(All fields below are subfields of the field $\mathbb{C}$).
I am looking for a proof (or disproof) of the following statement:
Let $L:K$ be a normal extension and $K = N_{0} \subset N_{1} \subset N_{2} \ldots \subset N_{n} = L$, ($n \geq 1$)
be a normal soluble tower, that is $N_{i} : N_{i-1}$ is normal and $Gal(N_{i} : N_{i-1})$ is soluble, $i=1,2, \ldots, n$.
Then $Gal(L:K)$ is soluble.
A proof sketch. By induction on $n$.
If $n = 1$ then $K = N_{0}$ and $L=N_{1}$. But it is given that $N_{1} : N_{0}$ is soluble.
If $n > 1$ then consider the last 3 fields of the tower. That is,
$N_{n-2} \subset N_{n-1} \subset N_{n} = L$.

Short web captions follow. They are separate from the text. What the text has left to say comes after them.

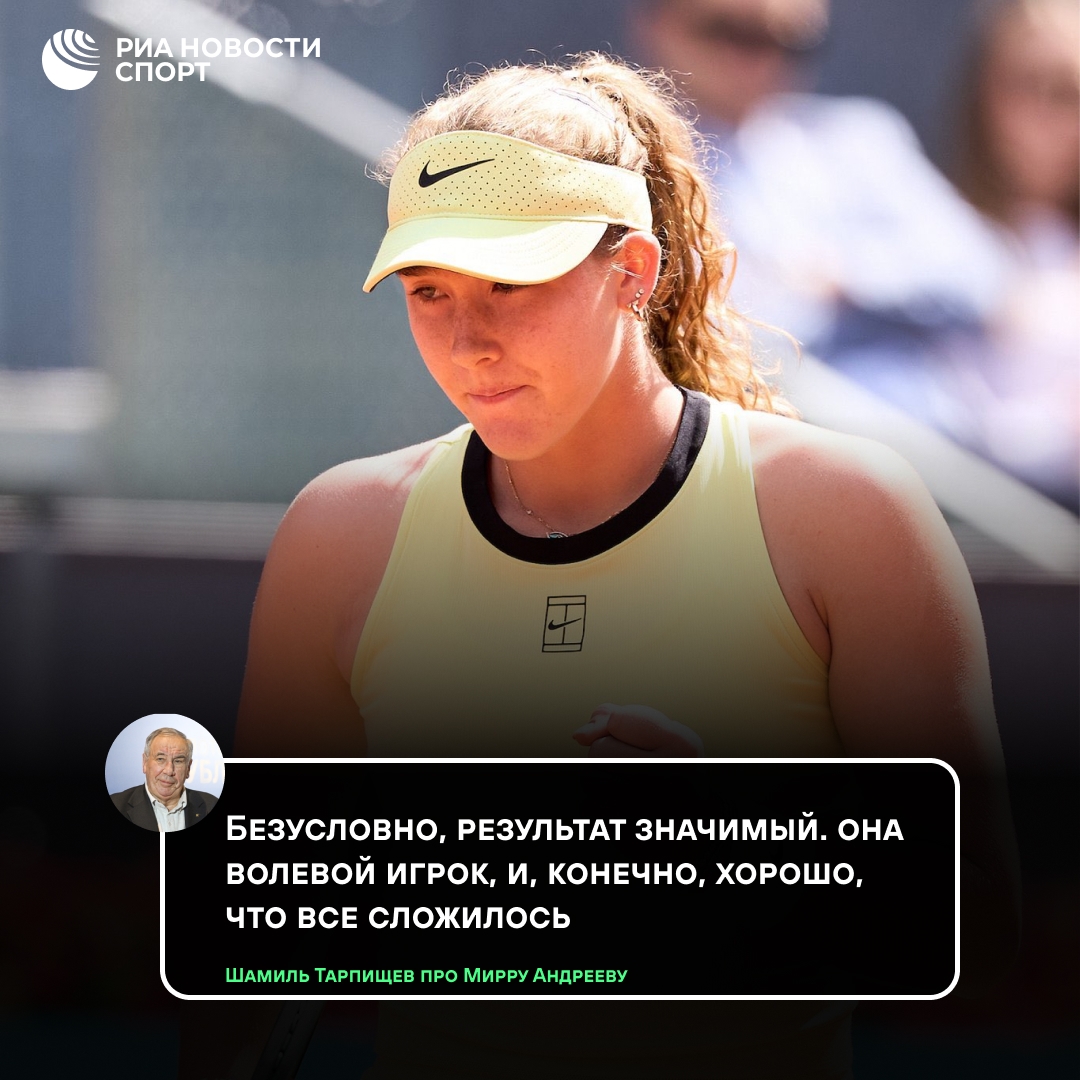 Тарпищев: Андреева вышла в финал благодаря силе воли и характеру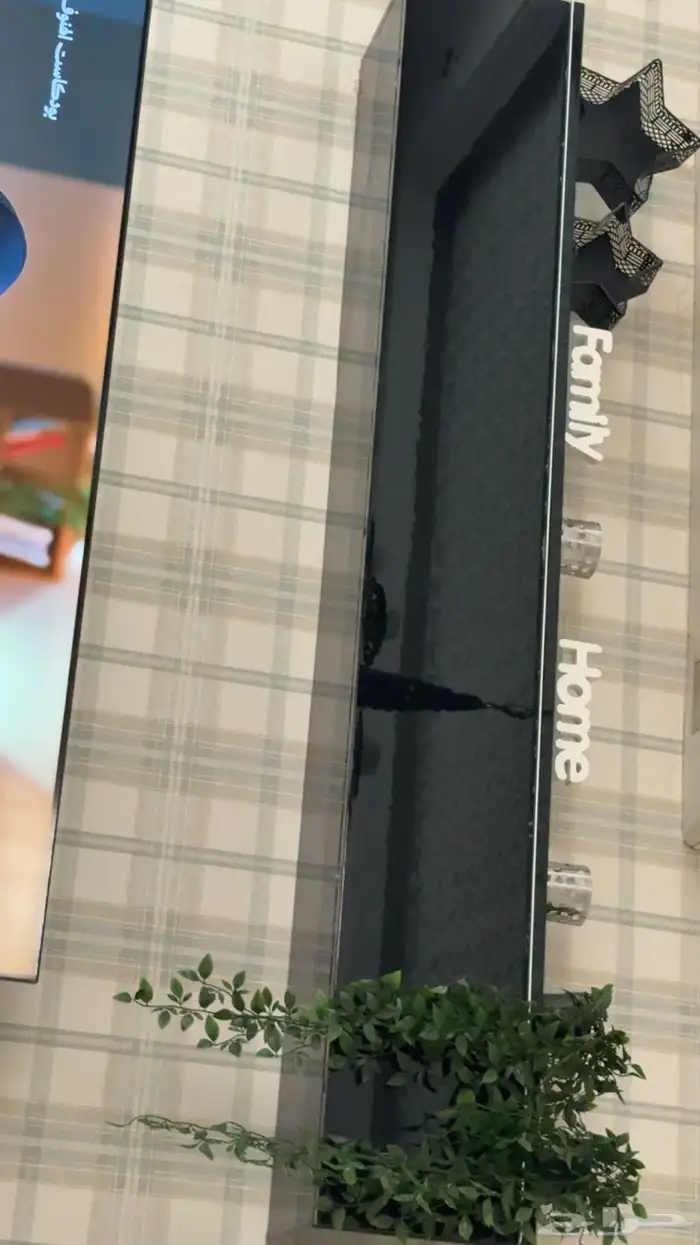 مكتبة تلفزيون 1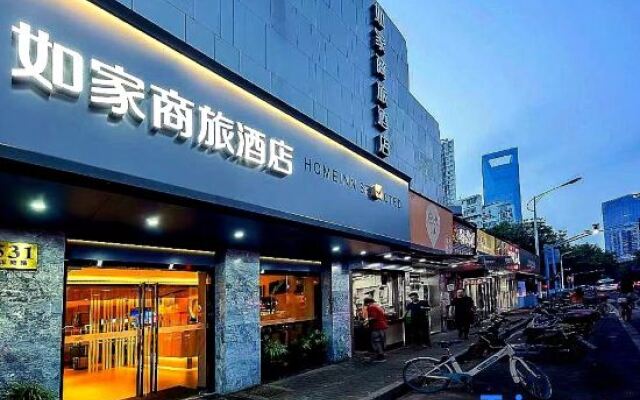 Home Inns Business Travel Hotel (Shanghai Lujiazui Oriental Mingzhu Pucheng Road Branch)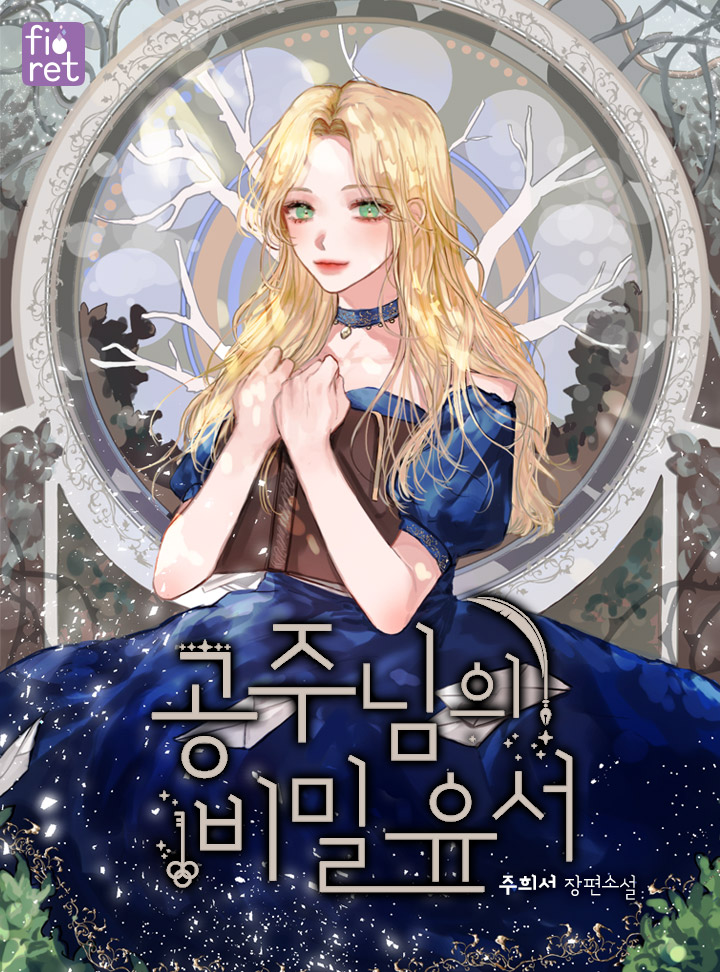주희서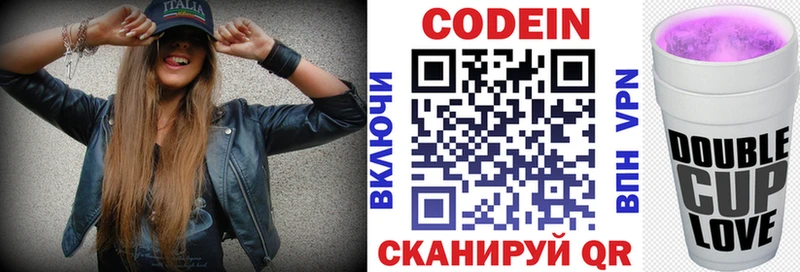 Кодеин напиток Lean (лин)  Домодедово 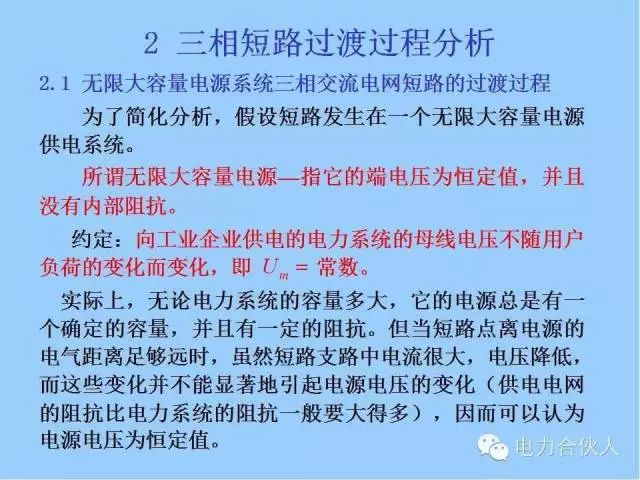 電網(wǎng)短路電流計算精解11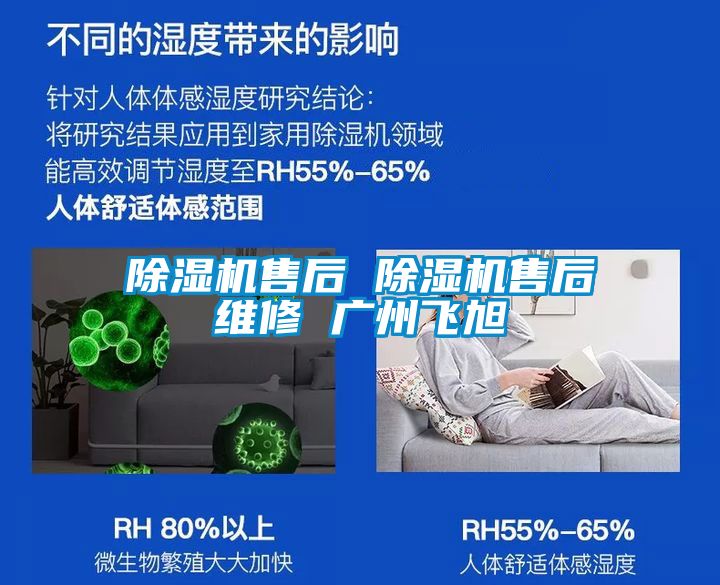 麻豆视频黄网站售后 麻豆视频黄网站售后维修 广州飞旭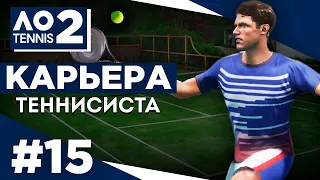 Прохождение AO Tennis 2 - Карьера теннисиста #15 Олимпиада в Токио, Мировой класс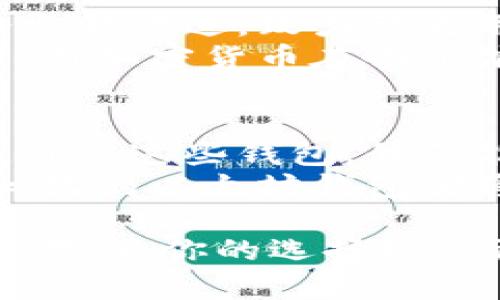 x去中心化的以太坊钱包：安全与便利的完美结合/x  
以太坊钱包,去中心化钱包,区块链,数字货币/guanjianci

一、引言
在数字货币飞速发展的今天，以太坊作为第二大加密货币，其生态系统逐渐丰富。而作为用户与区块链交互的主要工具之一，去中心化的以太坊钱包正逐渐成为许多投资者的优选。本文将通过具体场景和真实案例，带你深入了解这些钱包的安全性、便利性及其在日常生活中的应用。

二、去中心化钱包的定义与优势
去中心化钱包，通过区块链技术直接与用户的私钥关联，不依赖于第三方托管。这种设计让钱包的安全性得到了大幅提升，因为用户对自己的资产拥有完全的控制权。
1. **安全性:** 去中心化钱包通常采用加密技术，私钥的存储方式使其不易受到黑客攻击。用户的资产不存储在交易所等中心化平台上，降低了被盗的风险。
2. **隐私保护:** 通过去中心化钱包，用户的个人信息不会被收集或交易，使得隐私得到有效保护。
3. **便捷性:** 去中心化钱包通常支持多币种和资产管理，让用户可以更加便利地进行交易和管理资金。

三、使用去中心化以太坊钱包的真实体验
想象一下，在一个阳光明媚的下午，大学校园的小径上，你正坐在一片绿草地上，阳光洒在手中的老旧木桌上，手里拿着一杯冰凉的柠檬水，正准备与朋友分享你在以太坊上的投资故事。
“我最近用的是一个去中心化钱包，感觉特别不错。”你开始介绍。朋友的眼睛一亮，满脸好奇。
“为什么选择去中心化钱包？不是中心化的钱包更方便吗？”朋友问道。
你微微一笑，举起手中的手机，展示着钱包界面：“我以前也这么认为，中心化钱包的界面确实比较友好，但我逐渐意识到安全性和隐私是最重要的。去中心化钱包让我对自己的资产有了更强的掌控感。”
你接着解释，去中心化钱包可以在没有任何中介的情况下直接与以太坊网络进行交互。无论是转账、收款，还是参加DeFi项目，你都可以直接操作，不用担心账户被封停或信息泄露。

四、去中心化钱包的具体应用场景
与朋友的对话让你想起了另外一个真实的故事。
在一个夏季的晚上，张先生决定用去中心化钱包来参与一个新兴的以太坊项目。他提前在家中准备了一切，打开了电脑，灯光映照着他紧张而期待的脸庞。
他熟练地输入了去中心化钱包的助记词，界面瞬间展现在眼前。他不仅可以通过这个钱包管理自己的以太币，还能轻松访问许多DeFi协议，快速而安全地进行交易。
对张先生来说，这种体验是无与伦比的。他感受到传统金融体系所无法提供的自由，这种控制感让他不禁兴奋。他在注册好的去中心化平台上，流畅地完成了资金的划转。在怡人的夏夜里，他感受到了一种“掌控未来”的力量。

五、选择合适的去中心化钱包
当谈到如何选择适合自己的去中心化以太坊钱包时，你可以从以下几个方面来考虑：
1. **安全性审核:** 确保所选择的钱包有过安全性审计，了解其开发团队的背景及声誉。
2. **用户体验:** 有些去中心化钱包的用户界面比较复杂，最好选择那些界面友好、操作简单的钱包。
3. **多功能性:** 选择支持多种加密资产、DeFi协议及NFT交易的钱包，可以使你的投资更具灵活性。
4. **社区支持:** 查看用户社区的反馈和建议，如果社区活跃且提供技术支持，通常是比较值得信赖的钱包。

六、去中心化钱包的未来展望
随着区块链技术的不断发展，去中心化的以太坊钱包将在未来扮演更加重要的角色。用户的需求也将不断演变，去中心化钱包将会与时俱进，致力于为用户提供更加安全、便捷的资产管理及交易体验。
在未来的某一天，或许会有更多的日常消费能够直接通过去中心化的以太坊钱包进行，不再依赖传统的银行或支付系统。想象一下，用加密货币在咖啡馆里购买一杯香浓的咖啡，将为生活带来怎样的变化？

七、结语
去中心化的以太坊钱包不仅是技术的代表，更是一个新时代的象征。它让每一个用户都能平等地参与到这个全球性经济的舞台上。通过这些钱包，我们能够更好地掌控自己的财务，参与到充满创新与机遇的区块链世界中。
在这个与世界直接连接的时代，去中心化钱包为我们的生活增添了更多颜色。无论是在夏日的阳光下，还是在冬夜的星空下，去中心化的以太坊钱包都将是你通往自由与财富的新桥梁。

在接下来的内容中，我们将深入分析不同的去中心化以太坊钱包，如MetaMask、MyEtherWallet等，以及它们各自的优势和适用场景，为你的选择提供更多参考。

The extension $L:N_{n-2}$ is normal (because $L:K$ is normal and $N_{n-2}$ is an intermediate field).
By Galois correspondence, $Gal(N_{n-1}:N_{n-2}) \cong Gal(L:N_{n-2})/Gal(L:N_{n-1})$.
Therefore, $Gal(L:N_{n-2})$ is soluble. (The theorem "If H and G/H are soluble, then G is soluble" was used).
Then $K = N_{0} \subset N_{1} \subset N_{2} \ldots N_{n-2} \subset N_{n} = L$ is a normal soluble tower of a lesser length.
By induction, $Gal(L:K)$ is soluble.
Any references to the literature are welcome.